THE DATA Start Marker
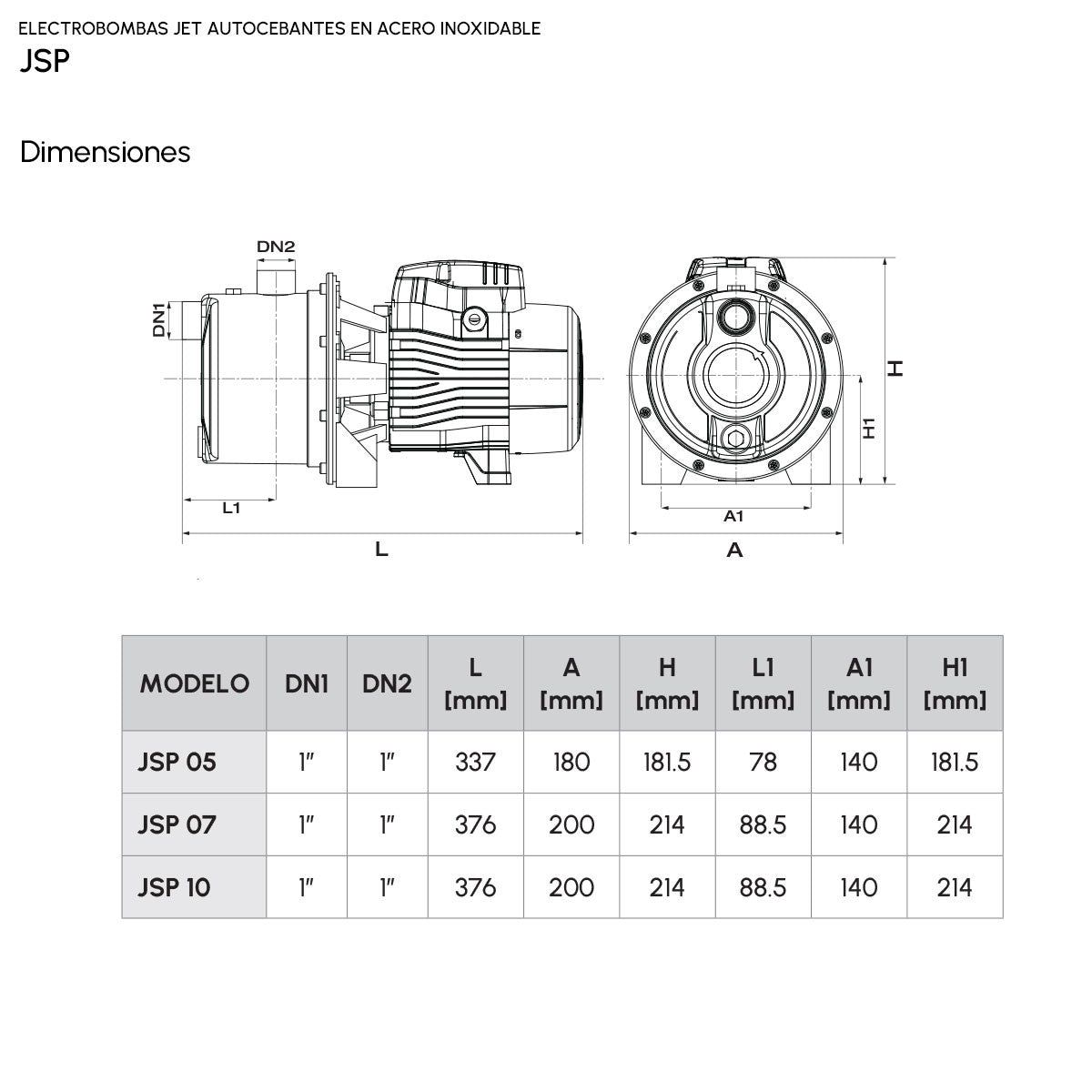 Electrobomba Jet Autocebante JSP 10F16S - 1.0 HP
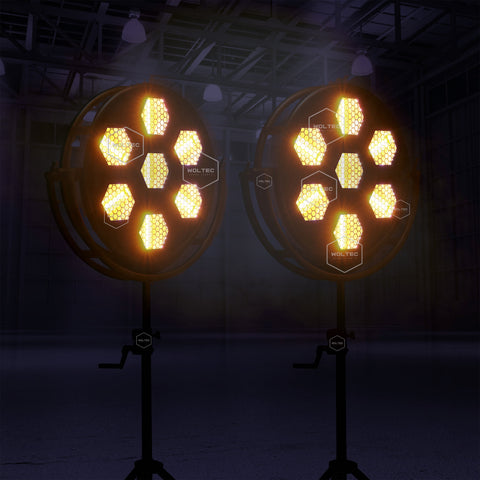 2-Pack Woltec R7 PXL Hexagon Stage Light + 2 Heavey Duty Stands Background Effect Retro Blinder Lamp 7x 60W LED filament and RGB Stage Dj Disco Lamp Pixel Strobe Matrix Vintage Luminaire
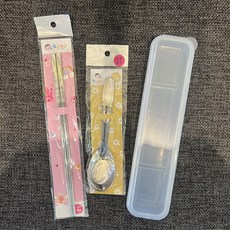 台灣QDAD 316不鏽鋼兒童勺筷組合 筷子 勺子 叉子 收納盒 國小生適用, 馬車兒童筷橫圖+馬車加長勺+盒, 1個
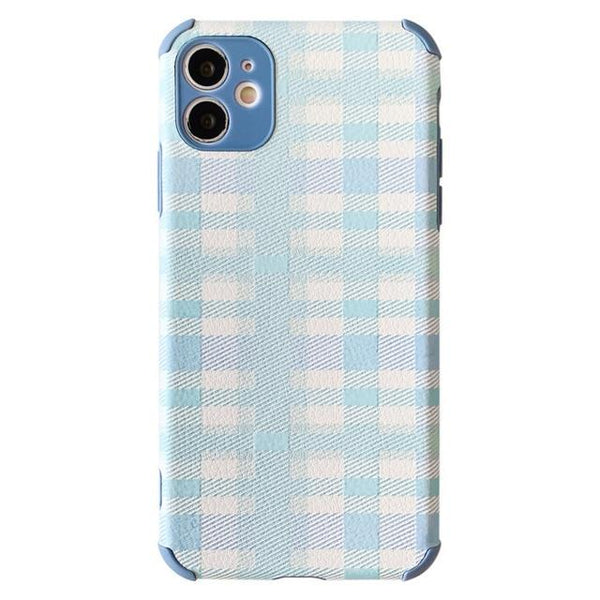 Pink and Blue Plaid iPhone Case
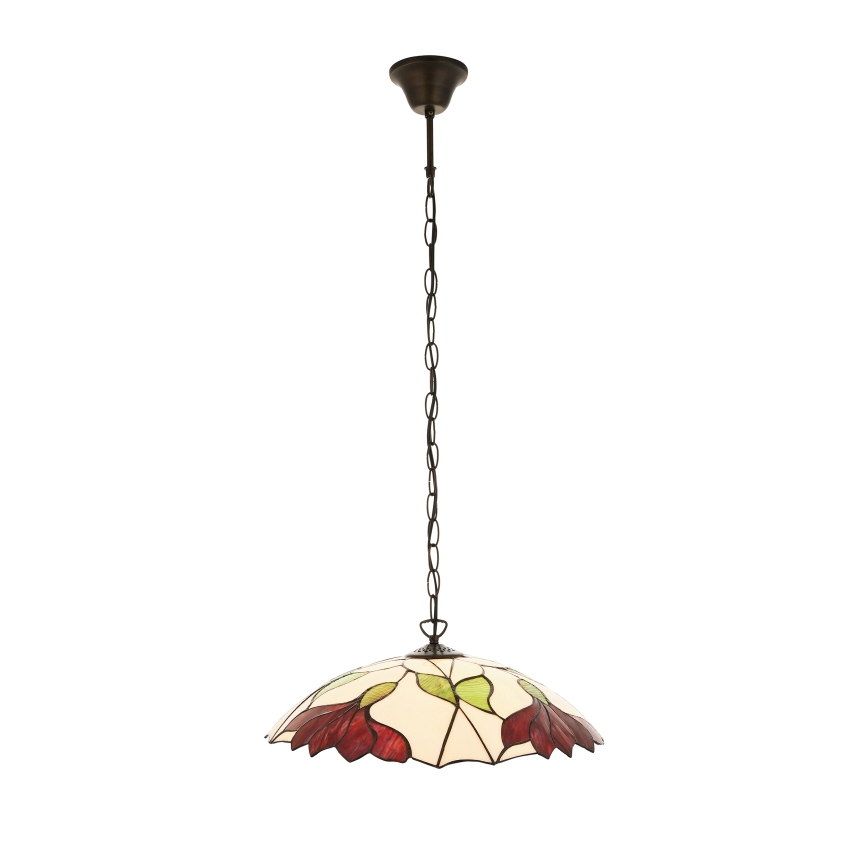 Endon 112246 - Lampadario a sospensione con catena Tiffany BOTANICA 1xE27/60W/230V diam. 45 cm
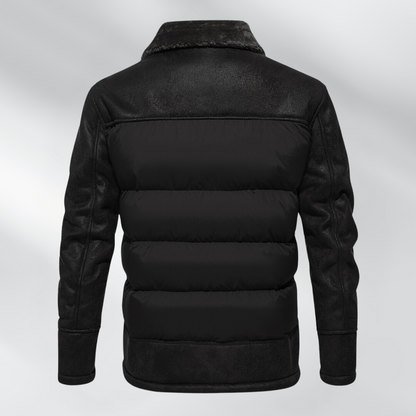 Ronan - Stilig jakke med fuskepels Krage og puffer-design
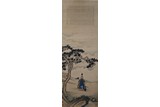ZHANG TINGYAN: COLOR AND INK ON SILK 'FIGURE' PAINTING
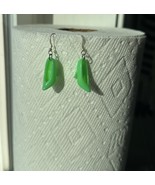 Handmade dangle/drop Barbie shoe earrings, Green. Sterling silver ear wi... - €6,05 EUR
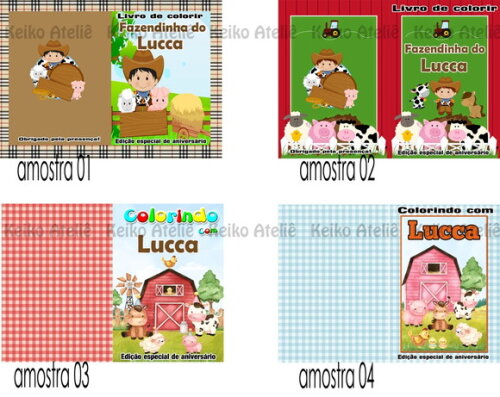 Livro de Colorir Personalizado - 16 Páginas - Fazendinha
THE DATA End Marker
§ **TASK STATEMENT**: Reproduce each line above exactly, but not a single picture.

§ **SOLVED EXERCISE**:
 Electrobomba Jet Autocebante JSP 10F16S - 1.0 HP
 2-Pack Woltec R7 PXL Hexagon Stage Light + 2 Heavey Duty Stands Background Effect Retro Blinder Lamp 7x 60W LED filament and RGB Stage Dj Disco Lamp Pixel Strobe Matrix Vintage Luminaire
 台灣QDAD 316不鏽鋼兒童勺筷組合 筷子 勺子 叉子 收納盒 國小生適用, 馬車兒童筷橫圖+馬車加長勺+盒, 1個
 Pink and Blue Plaid iPhone Case
 Endon 112246 - Lampadario a sospensione con catena Tiffany BOTANICA 1xE27/60W/230V diam. 45 cm
 Ronan - Stilig jakke med fuskepels Krage og puffer-design
ZHANG TINGYAN: COLOR AND INK ON SILK 'FIGURE' PAINTING
 Handmade dangle/drop Barbie shoe earrings, Green. Sterling silver ear wi... - €6,05 EUR
 Livro de Colorir Personalizado - 16 Páginas - Fazendinha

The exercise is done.